First, the company usually asks for massive public tax subsidies and exemptions to build one of its big-box stores. Over the past 20 years, taxpayers have contributed at least $1 billion in subsidies to Wal-Mart stores and distribution centers, as well as to developers of shopping centers anchored by Wal-Mart stores, according to Good Jobs First, a nonprofit research group.
A 2001 study commissioned by the city of Barnstable, Mass., found big-box retailers such as Wal-Mart annually depleted the town's revenues by $794 per 1,000 square feet due to higher road maintenance costs and greater demand for public safety services.
Elected officials in Cathedral City, Calif., gave Wal-Mart $1.8 million in tax rebates 10 years ago. Last year, when the city finally began getting its full $800,000 in annual sales taxes from the two stores, Wal-Mart decided to close them in 2005 and build a new supercenter in nearby Palm Desert. Cathedral City officials learned Wal-Mart was moving out after reading about it in the newspaper—at a time when the city already had a $3 million deficit.

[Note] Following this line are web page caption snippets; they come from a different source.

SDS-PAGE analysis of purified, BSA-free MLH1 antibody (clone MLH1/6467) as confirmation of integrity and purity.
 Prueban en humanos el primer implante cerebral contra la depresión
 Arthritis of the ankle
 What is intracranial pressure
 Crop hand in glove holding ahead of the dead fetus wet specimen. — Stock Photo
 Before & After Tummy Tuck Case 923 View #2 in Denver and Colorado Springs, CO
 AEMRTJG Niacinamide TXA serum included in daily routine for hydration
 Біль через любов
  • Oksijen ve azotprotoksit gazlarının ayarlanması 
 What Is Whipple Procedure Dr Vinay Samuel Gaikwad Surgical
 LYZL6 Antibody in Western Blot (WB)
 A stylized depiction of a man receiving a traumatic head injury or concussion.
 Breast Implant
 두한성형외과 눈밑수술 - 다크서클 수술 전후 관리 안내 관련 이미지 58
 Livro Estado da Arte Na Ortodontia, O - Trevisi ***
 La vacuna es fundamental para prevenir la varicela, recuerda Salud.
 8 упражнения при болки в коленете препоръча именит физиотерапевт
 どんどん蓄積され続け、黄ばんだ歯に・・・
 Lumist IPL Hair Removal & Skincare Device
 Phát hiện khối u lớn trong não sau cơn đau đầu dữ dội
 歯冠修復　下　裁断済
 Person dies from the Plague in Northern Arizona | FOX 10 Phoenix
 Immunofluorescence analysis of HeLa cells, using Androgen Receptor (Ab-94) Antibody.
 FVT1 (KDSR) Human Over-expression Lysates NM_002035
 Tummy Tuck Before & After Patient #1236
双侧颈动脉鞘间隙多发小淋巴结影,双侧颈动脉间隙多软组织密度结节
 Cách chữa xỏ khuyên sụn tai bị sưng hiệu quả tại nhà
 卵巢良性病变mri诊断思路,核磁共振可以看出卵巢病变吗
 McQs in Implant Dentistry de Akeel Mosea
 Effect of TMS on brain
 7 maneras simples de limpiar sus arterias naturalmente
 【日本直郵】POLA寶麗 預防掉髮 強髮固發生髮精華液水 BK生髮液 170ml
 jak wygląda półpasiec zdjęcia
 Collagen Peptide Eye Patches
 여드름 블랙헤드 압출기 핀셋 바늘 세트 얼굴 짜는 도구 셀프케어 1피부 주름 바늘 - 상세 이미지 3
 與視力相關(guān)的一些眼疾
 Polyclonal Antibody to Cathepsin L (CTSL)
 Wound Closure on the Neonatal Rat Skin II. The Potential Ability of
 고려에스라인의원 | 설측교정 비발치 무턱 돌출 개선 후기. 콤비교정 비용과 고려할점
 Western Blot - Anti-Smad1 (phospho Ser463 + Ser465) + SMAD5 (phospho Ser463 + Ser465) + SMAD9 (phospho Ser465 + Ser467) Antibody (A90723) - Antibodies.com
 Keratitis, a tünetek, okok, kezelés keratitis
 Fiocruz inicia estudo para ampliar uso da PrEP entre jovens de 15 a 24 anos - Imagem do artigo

Next, Wal-Mart makes taxpayers pick up the health care tab for its employees. While 66 percent of workers at large U.S. firms get health coverage on the job, fewer than half of Wal-Mart workers do, an October 2003 AFL-CIO report finds. As a result, Wal-Mart workers are forced to use emergency rooms and public services for their health care needs.
The average Wal-Mart costs taxpayers an estimated $108,000 a year for its workers' children who are enrolled in state children's health insurance programs, according to Everyday Low Wages: The Hidden Price We All Pay for Wal-Mart.
California taxpayers pay $86 million annually for such public programs as health care and subsidized housing that low-wage Wal-Mart workers rely on, according to an August 2004 report from the Institute for Labor and Employment at the University of California, Berkeley.
A growing list of states—Arkansas, Georgia, Tennessee, Washington, Massachusetts, Wisconsin, West Virginia and Connecticut—report Wal-Mart as the 1 beneficiary or among the top corporate beneficiaries of its public health program for children's health care. Currently, 12 states have introduced legislation to require states to disclose which employers are shifting health care costs to taxpayers and another 27 have, or plan to introduce, such legislation. Championed by members of the National Labor Caucus of State Legislators, the legislation is designed to help measure the costs to state health care programs when large and profitable employers such as Wal-Mart skimp on coverage.
Wal-Mart has a health plan. But because few workers can afford it on the wages Wal-Mart pays, the company instead encourages its workers to apply for public assistance.
Recognizing the huge costs taxpayers bear when Wal-Mart moves into an area, communities have begun standing up to the giant retailer. In Franklin, Wis., a coalition of union, consumer and environmental activists in July 2004 won passage of a size ordinance covering retail stores that stopped development of a proposed 184,000-square-foot Wal-Mart supercenter selling groceries as well as other goods. In Los Angeles, activists won passage of a city ordinance in August 2004 requiring retailers such as Wal-Mart to pay for economic analyses showing whether proposed supercenters would eliminate community jobs, depress wages or harm neighborhood businesses.
"They are not good neighbors. Their low-wage jobs have no health care," says Cathedral City Mayor Pro Tem Greg Pettis. He advises other local leaders letting Wal-Marts in their community is "the biggest mistake" they can make with public money.